Thursday, October 20, 2005

A Good Night Spent

I have to say, the only thing better than going to the U2 concert was enjoying the concert from the Comcast box/club seats. Well...I suppose I could have met Bono. I'm sure I'd ask him all sorts of stupid questions. Like what was up with Edge and his skullcap? I mean, when's the last time he took it off? 2000? On second thought, maybe it was better I didn't meet him.

I did, however, get a copy of the setlist. And some shrimp and peanuts. All in all, a great night.

Monday, October 10, 2005

Souvenirs and Storage Rooms

This past weekend, I spent a lot of time cleaning out my storage room. Tucked away behind a non-descript door in my basement, was a large room littered with boxes, knick-knacks, and pretty much everything you’d think a storage closet would have. You name it, I’ve got it. Probably a dozen of them. All from 1990. Mounds of tape cassettes (I kept the Def Leppard tape) and Sony Walkmans. Reams of personalized office stationary. Green and blue rugby shirts. Old bottles of wine that have long since turned into vinegar. And boxes of law school notes and papers that quite frankly, I don’t ever want to see again.

I also ran across a lot of memories, as I expected. Old job offer letters, diplomas and bar certifications commemorating where I’ve been and showing the potential I had. Boxes of email. Old sentimental items too. Gifts. Notes. Commonplace things that brought back vivid stories when the world didn’t look quite so complicated. I found myself wanting to hold on to most of it, rationalizing why I’d need my old law school term paper on cyberbanking and the future of electronic commerce.
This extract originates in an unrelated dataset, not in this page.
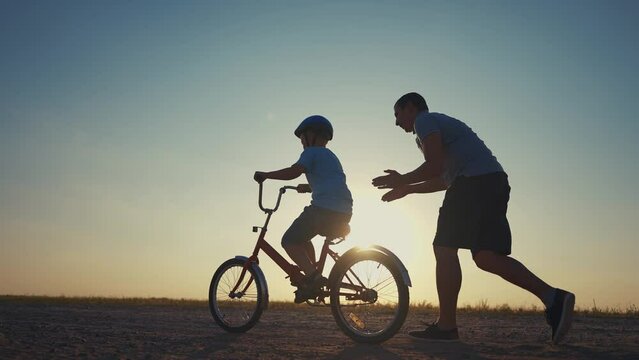 family play in the park. father teaching son to ride a bike. happy family kid dream concept. son learn to ride a bike silhouette. father supporting child sunset son riding bike summer in the park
Or trying to figure out why I could care so much about an old set of ticket stubs. I spent most of the night grasping each piece in my hand and attempting to divine its meaning, remembering why it was I kept it in the first place.

In then end though, I think these kinds of souvenirs are deceptive. They are dangerous because they speak to you in present tense. They tell you what once was, in the freshest and most brutal detail. They take you back to the moment, and confuse what you had with what you have. And their stories come across with powerful and staggering clarity. If you’re not careful, you’d almost be fooled into thinking that they still convey real feeling. Truth is, it’s hard to let them go.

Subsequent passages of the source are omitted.